I’ve got the following query in Oracle10g:
select *
from DATA_TABLE DT,
LOOKUP_TABLE_A LTA,
LOOKUP_TABLE_B LTB
where DT.COL_A = LTA.COL_A (+)
and DT.COL_B = LTA.COL_B (+)
and LTA.COL_C = LTB.COL_C
and LTA.COL_B = LTB.COL_B
and ( DT.REF_TXT = :refTxt or DT.ALT_REF_TXT = :refTxt )
and DT.CREATED_DATE between :startDate and :endDate
And was wondering whether you’ve got any hints for optimising the query.
Currently I’ve got the following indices:
IDX1 on DATA_TABLE (REF_TXT, CREATED_DATE)
IDX2 on DATA_TABLE (ALT_REF_TXT, CREATED_DATE)
LOOKUP_A_PK on LOOKUP_TABLE_A (COL_A, COL_B)
LOOKUP_A_IDX1 on LOOKUP_TABLE_A (COL_C, COL_B)
LOOKUP_B_PK on LOOKUP_TABLE_B (COL_C, COL_B)
Note, the LOOKUP tables are very small (<200 rows).
EDIT:
Explain plan:
Query Plan
SELECT STATEMENT Cost = 8
FILTER
NESTED LOOPS
NESTED LOOPS
TABLE ACCESS BY INDEX ROWID DATA_TABLE
BITMAP CONVERSION TO ROWIDS
BITMAP OR
BITMAP CONVERSION FROM ROWIDS
SORT ORDER BY
INDEX RANGE SCAN IDX1
BITMAP CONVERSION FROM ROWIDS
SORT ORDER BY
INDEX RANGE SCAN IDX2
TABLE ACCESS BY INDEX ROWID LOOKUP_TABLE_A
INDEX UNIQUE SCAN LOOKUP_A_PK
TABLE ACCESS BY INDEX ROWID LOOKUP_TABLE_B
INDEX UNIQUE SCAN LOOKUP_B_PK
EDIT2:
The data looks like this:
There will be 10000s of distinct REF_TXT, which 10-100s of CREATED_DTs for each.

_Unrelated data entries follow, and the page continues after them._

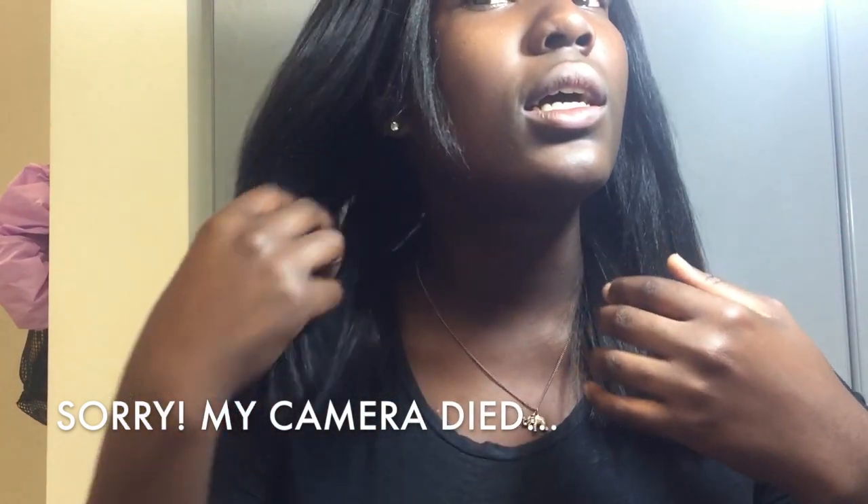It turned out pretty good. I'm happy with the results. It wasn't as scary as I thought it would be. I'll come back to you guys when I'm fully clothed and my face is done.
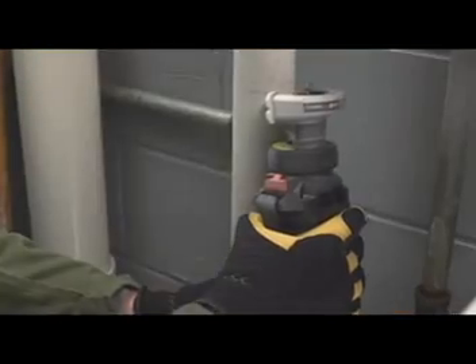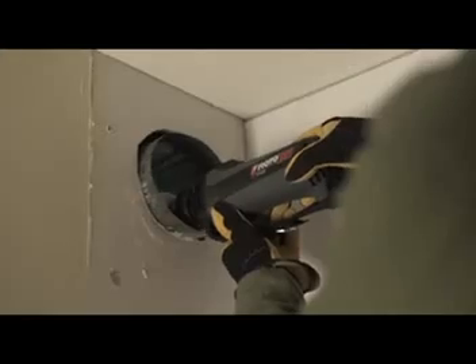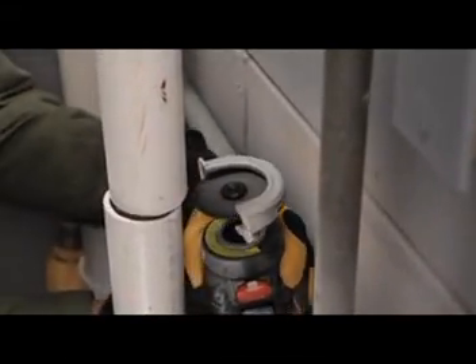Direct Drive wheels will cut up to three quarters of an inch and can handle both metal and plastic, so there's no need to change wheels between materials. The wheels operate at speeds up to 30,000 RPM, which is 50% faster than traditional angle grinders, making cuts in even hard to reach places fast.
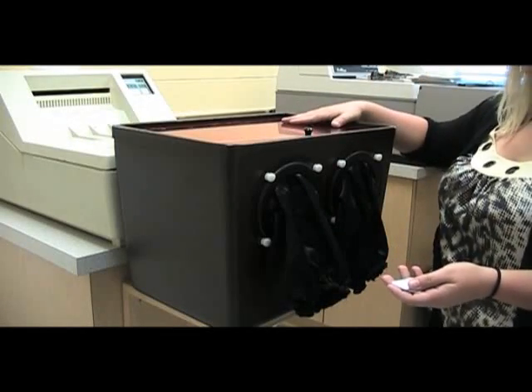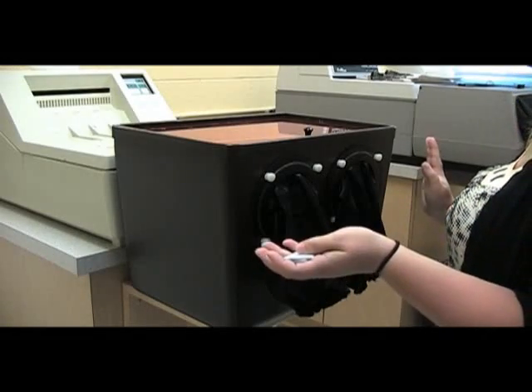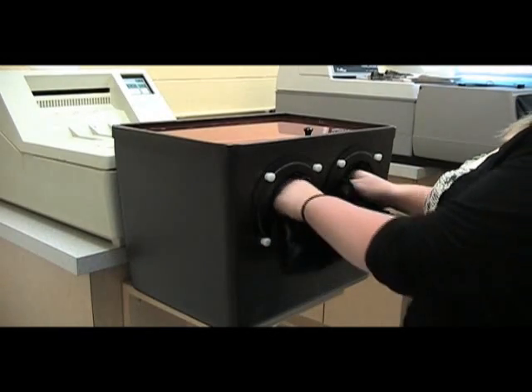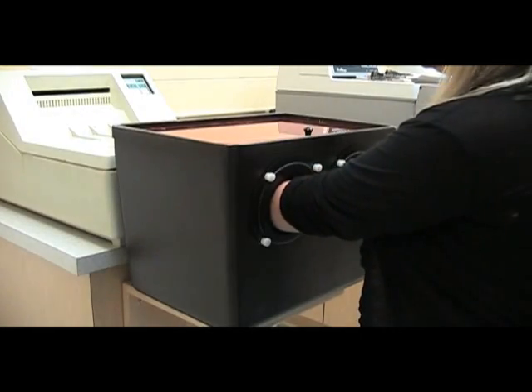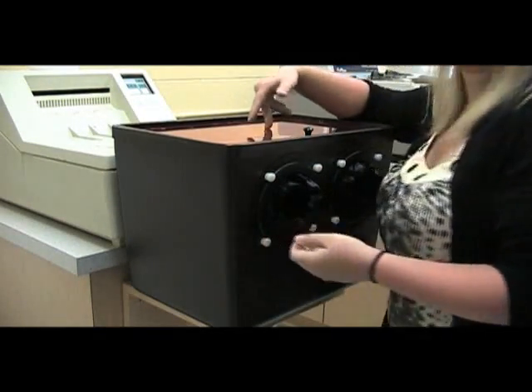This is our daylight loader. You take your film and you should not be wearing your gloves — clean hands only. This is where you insert your hands into this area. You can look over the top of what you're doing so that you can see.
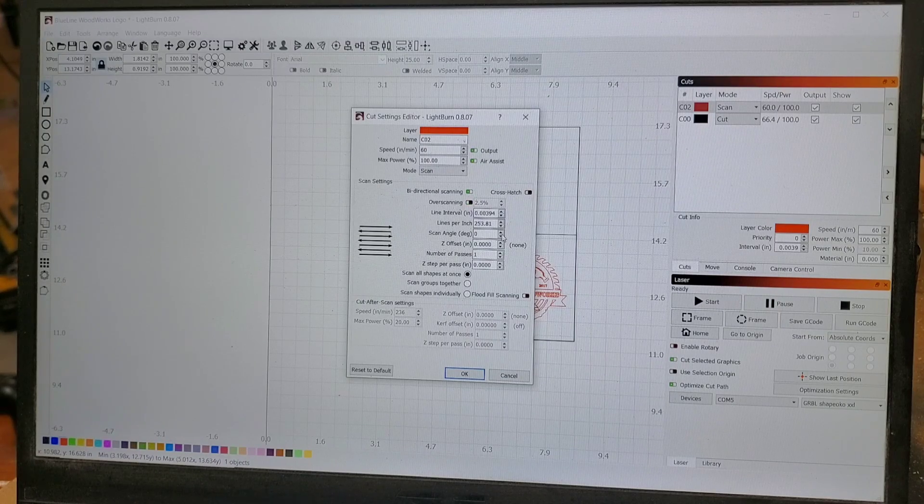Here are the other settings — I didn't really mess with these. It's just one pass, no Z offset, no angle, lines per inch at 253.81, and the corresponding line interval. I don't even know what all of that means, to be honest. But I do have 'scan all shapes at once' selected.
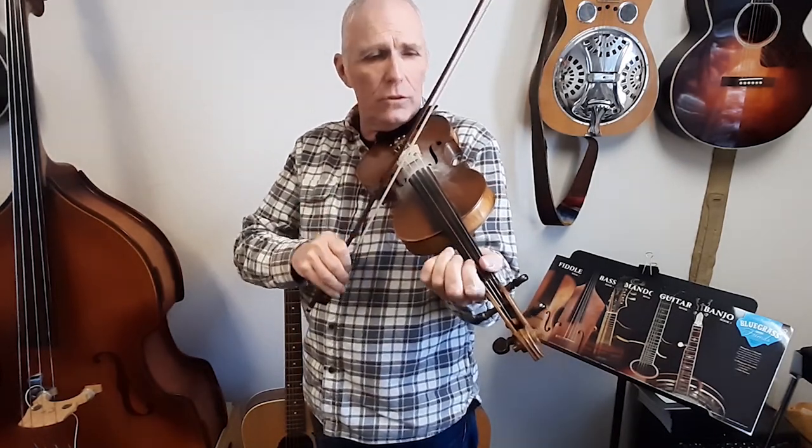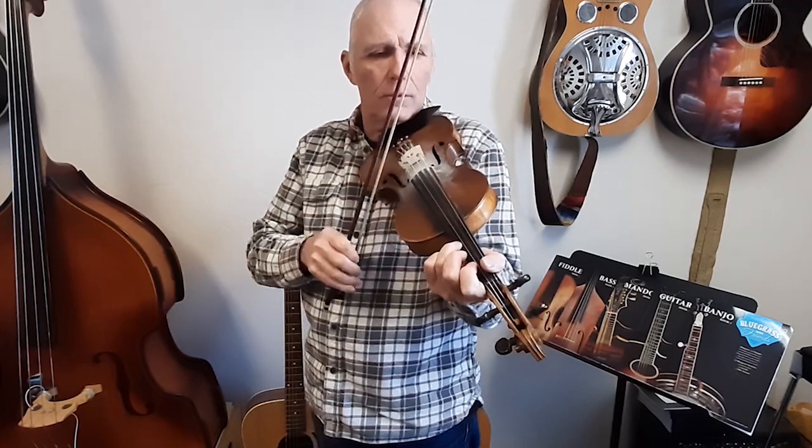What I'm hearing in there is a whole bunch of that pentatonic scale that goes like this. D, E, F, A, B, D — using the scale numbers: 1, 2, 3, 5, 6, 1, 1, 2, 3, 5.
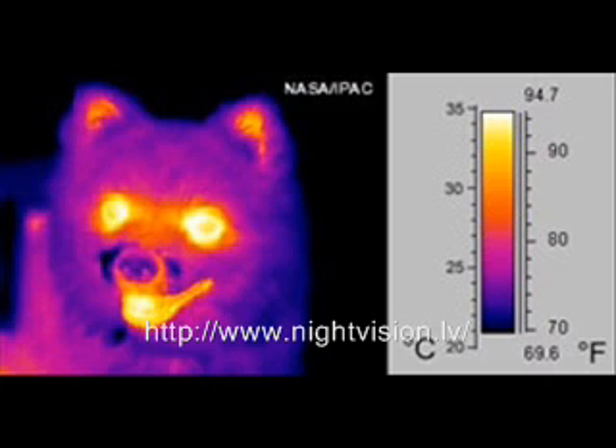With coated mil-spec germanium optics meeting United States Department of Defense mil-specs, this is a perfect solution for battlefield applications or situations when ruggedness and a hands-free system is a must.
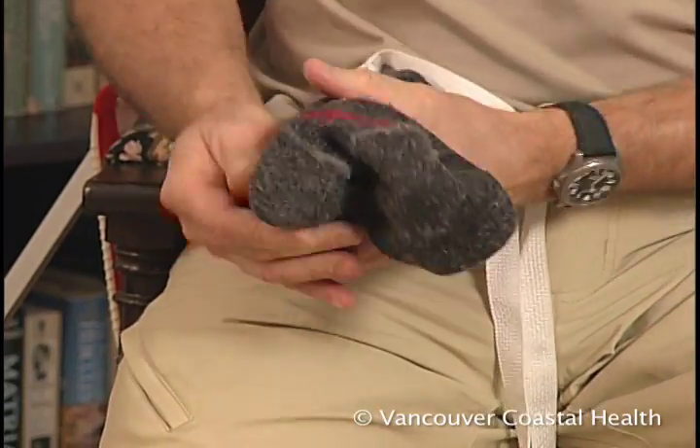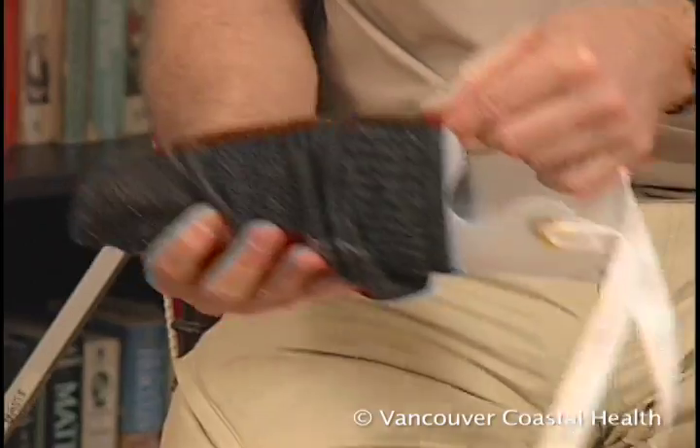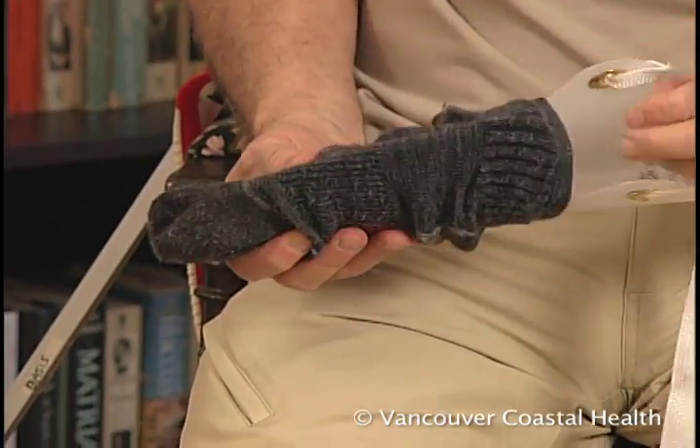Slide the sock onto the sock aid. The sock heel should be along the curved bottom with one inch of sock in the gullies.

ALT_REF_TXT will mostly NULL but there are going to be 100s-1000s which it will be different from REF_TXT.
EDIT3: Fixed what ALT_REF_TXT actually contains.
This is one of those cases where it makes very little sense to try to optimize the DBMS performance without knowing what your data means.
Do you have many, many distinct CREATED_DATE values and a few rows in your DT for each date? If so you want an index on CREATED_DATE, as it will be the primary way for the DBMS to reject columns it doesn’t want to process.
On the other hand, do you have only a handful of dates, and many distinct values of REF_TXT or ALT_REF_TXT? In that case you probably have the correct compound index choices.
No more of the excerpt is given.